Yes, sometimes it can be inconvenient. It does not matter that I don't see
positive case with these vertices. I've seen it with other things. That all
is in conformance with what I wrote: "With that small performance-critical

subset we can do in C++ whatever performance tuning tricks are needed
for the concrete situations. That is other thing that makes C++ powerful.
It is often possible to get several times better overall performance by

optimizing only small subset of code." It does not mean that we need to
switch all our data into inconvenient to reason about format.

[Chris M. Thomasson]

On 7/27/2021 12:59 PM, Lynn McGuire wrote:
> "Nearly a quarter-century later, why is C++ still so popular?"
>
> https://sdtimes.com/softwaredev/nearly-a-quarter-century-later-why-is-c-still-so-popular/
>
>
> "Despite C++’s downward trend on the TIOBE Programming Community index
> since 2001, the language’s fall from the coveted top two slots in 2020,
> vociferous and persistent claims that C++ is “dead like COBOL,” and the
> inroads the Rust is making in developer circles – C++ is still as
> viable, vital and relevant as ever."
>

> Because it just works ?
>

> And I am not impressed with Rust whatsoever.
>

Never used Rust, humm. Perhaps I will give it a go, maybe start with
some online compilers:

https://play.rust-lang.org

Humm, it should be fun for me to try to port some of my existing
programs into Rust.

C++ is an excellent language that can be used to create many awesome
things. Want to write a low level subsystem, or a runtime for your own
language, C++ is there. Want to create really fast low level server
code, C++ is there. Are you looking for low level, fairly fine grain
access to std threads and atomics/membars, C++ is there!

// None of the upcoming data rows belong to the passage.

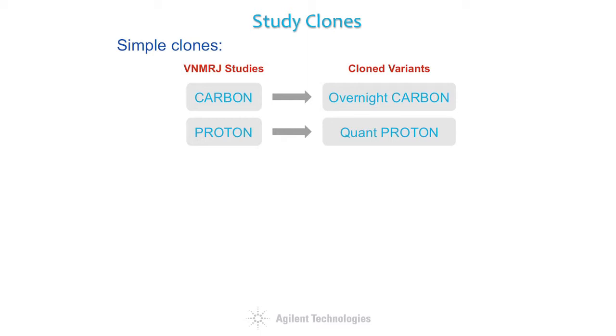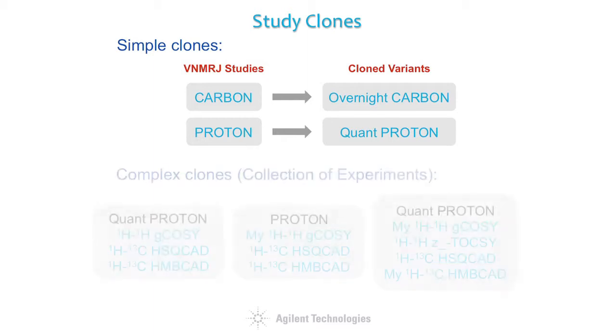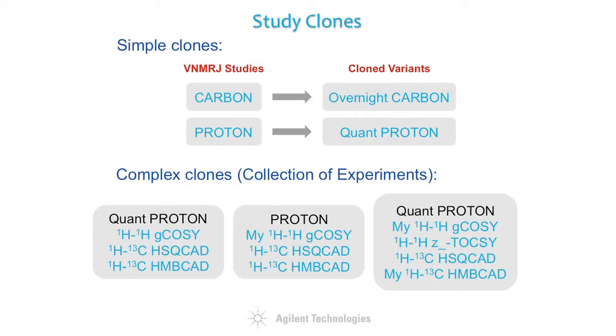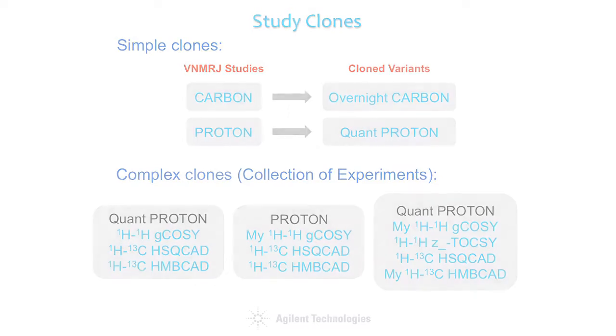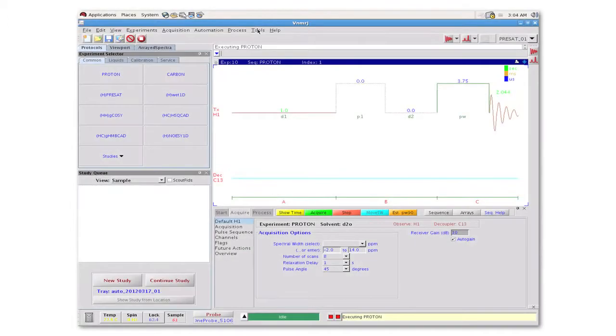Study clones can be very simple such as a carbon experiment that is reconfigured to run overnight or a proton experiment that has been parameterized to collect data for quantitative analysis. Alternatively a study clone can encompass a collection of experiments that are each customized for a specific task or class of compounds. Let's look at a few examples of how a study clone can be used to make the user's life easier and more efficient.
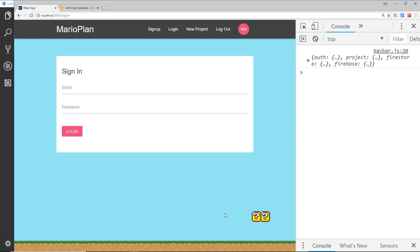We want to know how to log a user into our application. Currently on the signing component, if we add an email and password and press login it's going to log that information to the console. But what we want to do is take that email and password and sign a user in using them. To do that we're going to have to make some kind of asynchronous request to our Firebase project, and we can do that inside our action creators.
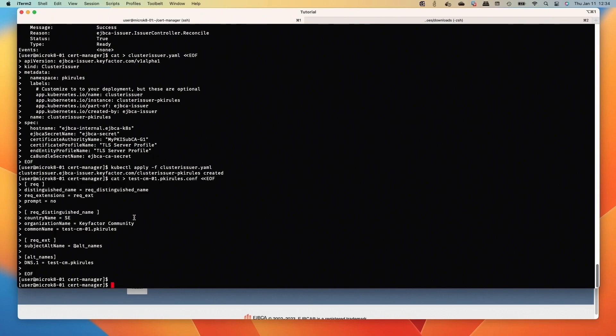And the first thing we want to do is issue a cert. So we're going to issue the cert manually in this one, and then we'll walk through issuing another cert through a certificate object. And lastly, we'll look at deploying an app with a simple deployment YAML that would request a cert through cert manager for an ingress.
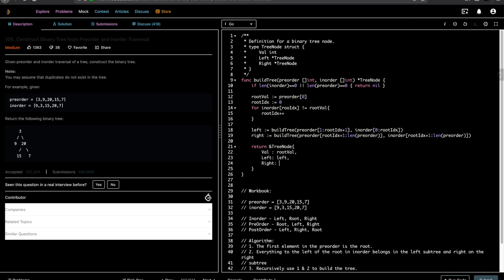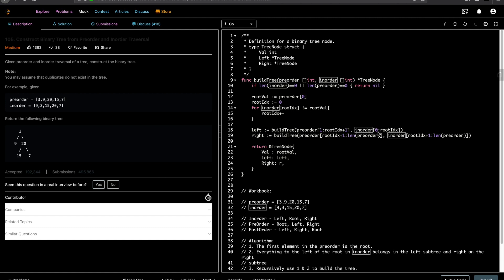For the left subtree we're passing only these values — for example, 9. When I say 1 to rootIndex+1, if rootIndex is 1 here, you pass just one element — 9 — to buildTree. For in-order, you pass from 0 to however many elements there are until you found the actual root. This recursively builds the complete tree.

C++ is there for a lot of things. Want to create an OS? C++ can come in
handy. Keep in mind that nobody has to use all of the "fancy" features.
Wrt the OS case, one can use "just" enough C++ to get the job done.

[Lynn McGuire]

The newest Firefox, version 90, is reputedly now majority Rust. I am
having problems with it using enormous amounts of ram in its ten Win64
processes on my Windows 7x64 Pro PC, up to 9 GB of ram now. I have been
shutting Firefox down and restarting it twice a day as a solution. The
Firefox developers are not interested.

Lynn

[Richard]

[Please do not mail me a copy of your followup]

Keith Thompson <Keith.S.T...@gmail.com> spake the secret code
<871r7ji...@nosuchdomain.example.com> thusly:

>Saying that garbage collection is a substitute for destructors suggests
>that memory is the only resource that needs to be managed.

I'd say that it also implies an incomplete/shallow understanding of
both destructors and garbage collection.
--
"The Direct3D Graphics Pipeline" free book <http://tinyurl.com/d3d-pipeline>
The Terminals Wiki <http://terminals-wiki.org>
The Computer Graphics Museum <http://computergraphicsmuseum.org>
Legalize Adulthood! (my blog) <http://legalizeadulthood.wordpress.com>

[Cholo Lennon]

Well, the problem seems to be the developers not the language. I
suffered the same memory issues with several versions of Firefox years
before Rust.


--
Cholo Lennon
Bs.As.
ARG

[Ian Collins]

On 04/08/2021 01:01, Öö Tiib wrote:
> On Tuesday, 3 August 2021 at 15:17:10 UTC+3, Juha Nieminen wrote:
>> Öö Tiib <oot...@hot.ee> wrote:
>>> Feels rather unlikely that we want to do anything with such Vertex instance
>>> in separation. Instead we want those to be processed (in massive
>>> amounts) by some rendering engine (like OpenGL).
>> I don't really understand why you have such a hard time imagining a situation
>> where something like that Vertex class would feel like a very convenient and
>> good design choice.
>>
>> Not all programs that handle, for example, triangle meshes are doing so to
>> merely feed the data to OpenGL (or any other API). There may be myriads of
>> reasons why a program may want to handle triangle meshes in some manner,
>> and some of these applications may be something that benefit from extreme
>> speed (because they may need to do a lot of heavy operations to gigantic
>> triangle meshes).
>
> As rule we want to render those too. If for nothing else then for debugging.
> Therefore if we really process 3D triangles directly then it is more convenient
> to keep the data layout suitable for rendering API, even if we do part of
> processing outside of that API as well.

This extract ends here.